Identification and correlation analysis of hub genes

A PPI network of the hub candidate genes was constructed using the STRING website, and core network genes selected using the MCODE plug-in of Cytoscape (version 3.8.2). The genes in the core network were then evaluated for distinguishing AD from normal samples using ROC curve analysis, and those with AUC > 0.7 were selected. These candidate hub genes were further verified by ROC analysis using GSE118553 and GSE5281 dataset samples. Candidates showing reliable group classification performance in all datasets were selected as the final hub genes. Subsequently, the correlation in expression level between each hub gene pair was calculated and scatter plots drawn for the gene pairs with strongest positive and negative correlations.

Immune infiltration analysis and GSEA

Neuroinflammation is a major driver of AD progression, so we examined if these hub genes were associated with the infiltration of various immune cells56. Correlations with the infiltration of 28 immune cell types in samples from GSE132903 were estimated by single-sample (ss)GSEA using GSVA (version 1.42.1). To further explore the functions of these hub genes, samples with high and low expression were analyzed using The Molecular Signatures Database (MSigDB). Among the significantly enriched KEGG pathways (p. adj < 0.05), the top five with normalized enrichment score (NES) > 0 and NES < 0 were selected for presentation.

Regulatory networks and target drugs of hub genes

The miRNAs and transcription factors (TFs) regulating hub genes were predicted using the miRNET database57. To improve the clarity of network diagrams, only miRNAs targeting at least three hub genes were screened and visualized. Additionally, drugs influencing expression of hub genes were predicted using the Drug–Gene Interaction database (DGIdb)58, which includes drug–gene interaction data from 30 sources.
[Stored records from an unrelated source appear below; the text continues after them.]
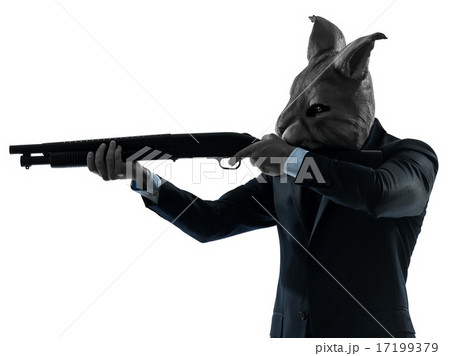 man with rabbit mask hunting with shotgun silhouette portrait 17199379
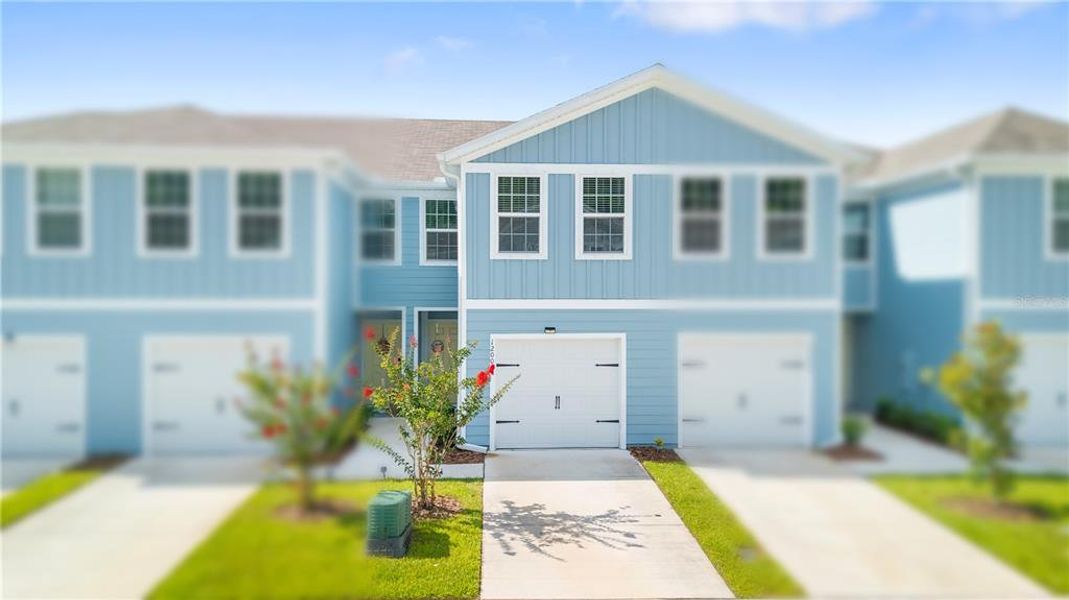 Front exterior of a new home in , New Port Richey, FL, highlighting curb appeal (Image 31). Front exterior of a new home in , New Port Richey, FL, highlighting curb appeal (Image 31).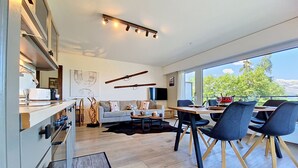 Une cuisine moderne dotée d’appareils électroménagers intégrés, un coin repas avec une table et des chaises en bois, un canapé et une grande fenêtre offrant une vue sur la verdure.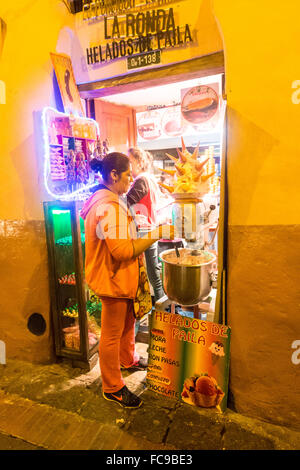 Calle La Ronda is a popular tourist destination in Quito, Ecuador. Numerous artisans,restaurants and gift stores line the street Stock Photo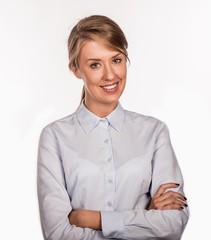 Successful business woman with arms crossed - isolated over white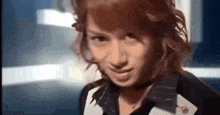 a woman with red hair is wearing a choker and playing cards on her chest .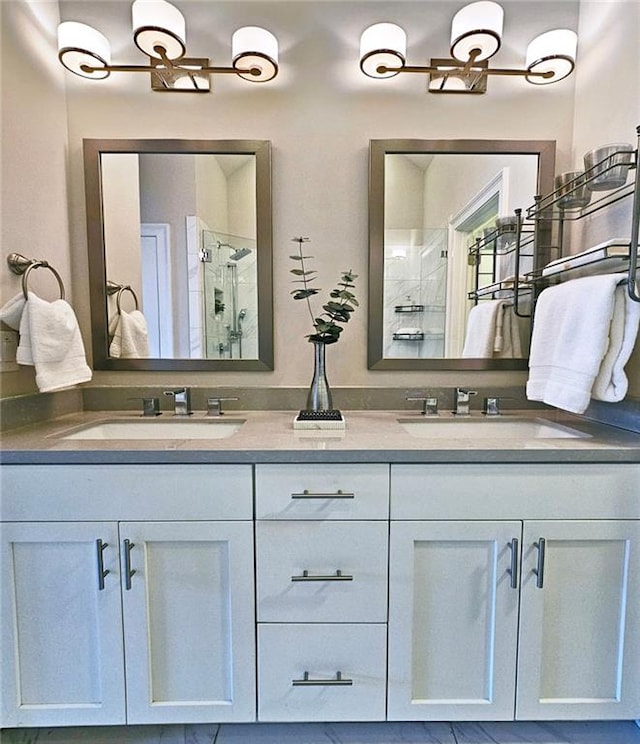 4107 Township Pkwy Unit 69, Sandy Springs, GA 30342 - full bathroom with double vanity, a stall shower, and a chandelier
Construction of a diagnostic model

A diagnostic model based on expression levels of the five hub genes was then established using GSE132903 as the training set. The expression levels of all hub genes were extracted and subjected to LASSO regression analysis to derive coefficients for diagnostic model construction. To evaluate the effectiveness of the diagnostic model, all samples in GSE132903 were categorized as disease or control, and the effectiveness of this categorization verified by plotting a confusion matrix and ROC curves. In addition, these analyses were repeated using GSE5281 as an external validation set.